**Records provided:**

------

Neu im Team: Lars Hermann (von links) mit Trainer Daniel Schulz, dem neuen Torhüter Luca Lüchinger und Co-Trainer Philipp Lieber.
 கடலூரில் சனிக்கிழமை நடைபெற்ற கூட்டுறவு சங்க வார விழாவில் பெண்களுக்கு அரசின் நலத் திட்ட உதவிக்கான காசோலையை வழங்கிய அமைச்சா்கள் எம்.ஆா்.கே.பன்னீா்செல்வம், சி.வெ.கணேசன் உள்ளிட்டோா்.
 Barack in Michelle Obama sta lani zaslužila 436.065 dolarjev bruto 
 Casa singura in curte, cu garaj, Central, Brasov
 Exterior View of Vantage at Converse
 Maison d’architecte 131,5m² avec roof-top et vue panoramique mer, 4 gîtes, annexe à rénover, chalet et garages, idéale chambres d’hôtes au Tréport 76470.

------

Each line, beginning at the one that contains "Casa singura in" and continuing through the end of the records, must be written out exactly, first and last included.

**Solution for this exercise:**
 Casa singura in curte, cu garaj, Central, Brasov
 Exterior View of Vantage at Converse
 Maison d’architecte 131,5m² avec roof-top et vue panoramique mer, 4 gîtes, annexe à rénover, chalet et garages, idéale chambres d’hôtes au Tréport 76470.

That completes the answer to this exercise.